Elasticsearch allows you to store, search, and analyze large amounts of structured and unstructured data. This speed, scale, and flexibility makes the Elastic Stack a powerful solution for a wide variety of use cases, like system observability, security (threat hunting and prevention), enterprise search, and more. Because of this flexibility, effectively architecting your deployment’s data storage for scale is incredibly important.

Now, it stands to reason that every Elasticsearch use case is different. Your own use case / deployment / business situation will have certain tolerances and thresholds for things like: total cost of ownership, ingest performance, query performance, number of / size of backups, mean time to recovery, and more.

So, as you begin to think about these various factors — there are 3 questions you might consider to help short circuit what could otherwise be a complex decision matrix:

  • How much data loss can your use case / deployment withstand?
  • How much does performance factor into your business objectives?
  • How much downtime can your project handle?

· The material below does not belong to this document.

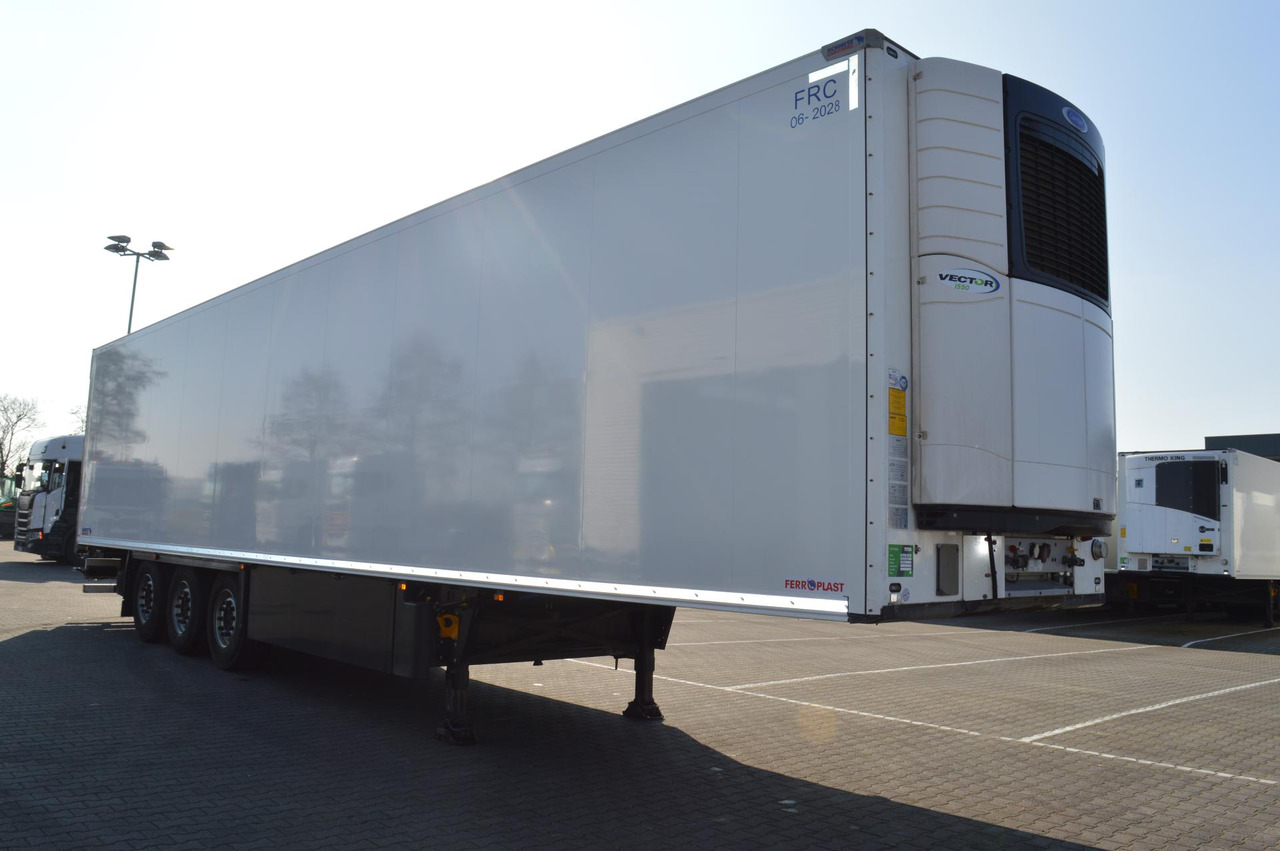 Schmitz Cargobull SKO FP 45 Carrier Vector 1550 - Refrigerator semi-trailer: picture 2 Schmitz Cargobull SKO FP 45 Carrier Vector 1550 - Refrigerator semi-trailer: picture 2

In this blog we will review several data storage options you can use and we’ll discuss the various pros and cons of each. By the end of this blog, you will have a better understanding of how to architect your own (unique) Elasticsearch deployment’s data storage for scale.

Don’t want to worry about any of this? Some good news: adopting Elasticsearch Service on Elastic Cloud means we’ll handle architecting for scale for you.

Options at-a-glance

Below is a quick reference for the options for architecting your data storage with Elasticsearch that we will be covering in this blog. We will outline in more detail the pros and cons and what to expect in regards to data loss, performance, and downtime below.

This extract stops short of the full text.